▶ [Exercise brief]: Exactly as they appear below, repeat the lines from the one with "Etagenwohnung Berlin Friedrichshain-Kreuzberg" through the one with "1st image of 251 Woodoak Ct". Drop every picture.

▶ [Task input]:
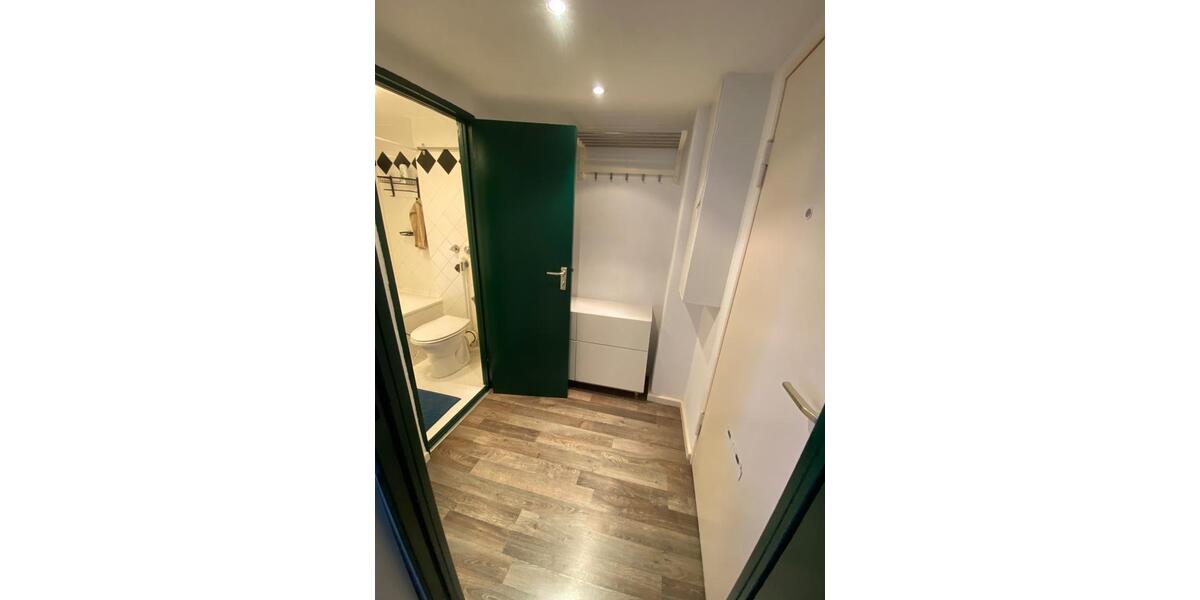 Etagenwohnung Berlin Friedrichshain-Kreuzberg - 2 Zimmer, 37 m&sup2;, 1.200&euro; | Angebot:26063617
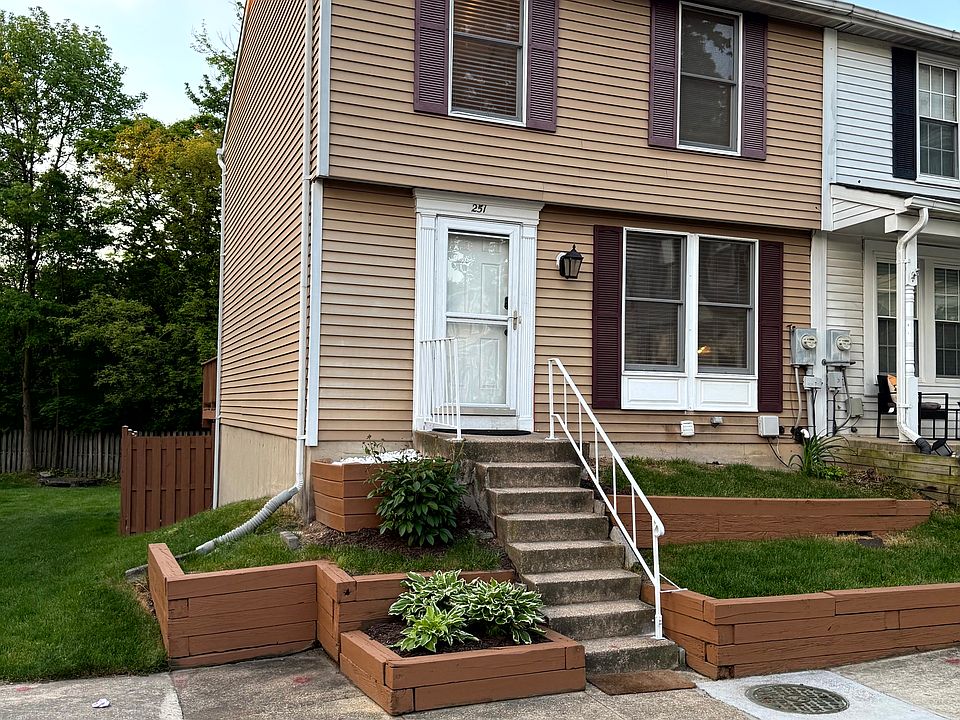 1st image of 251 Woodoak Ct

* * *

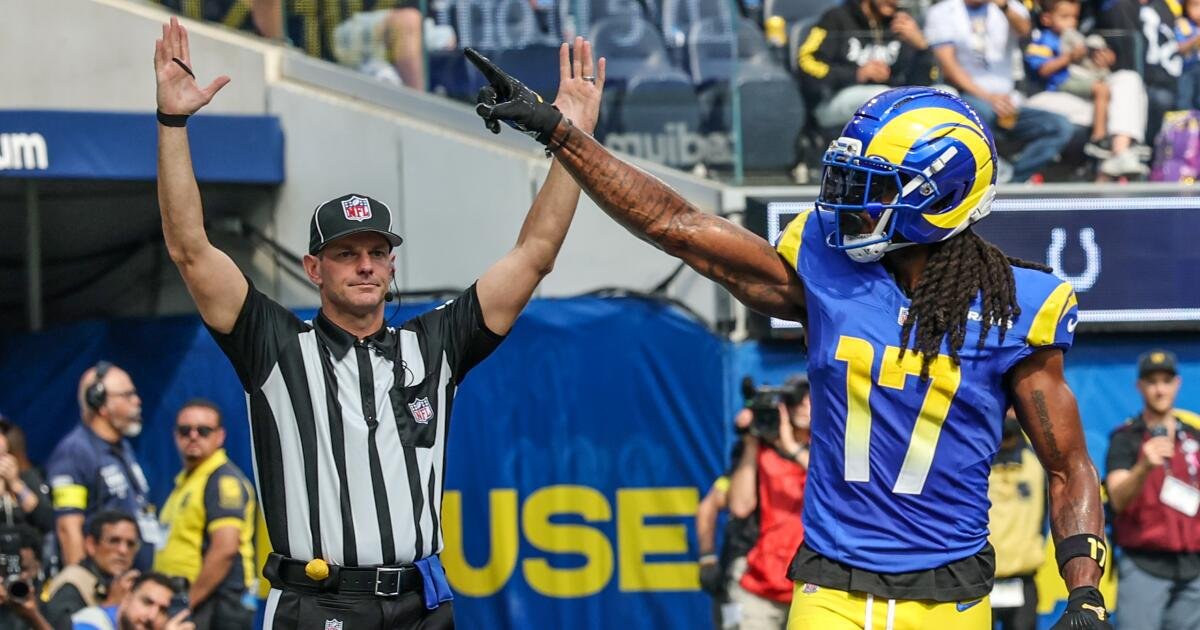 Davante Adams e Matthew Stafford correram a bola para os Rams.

▶ [Completed task]:
 Etagenwohnung Berlin Friedrichshain-Kreuzberg - 2 Zimmer, 37 m&sup2;, 1.200&euro; | Angebot:26063617
 1st image of 251 Woodoak Ct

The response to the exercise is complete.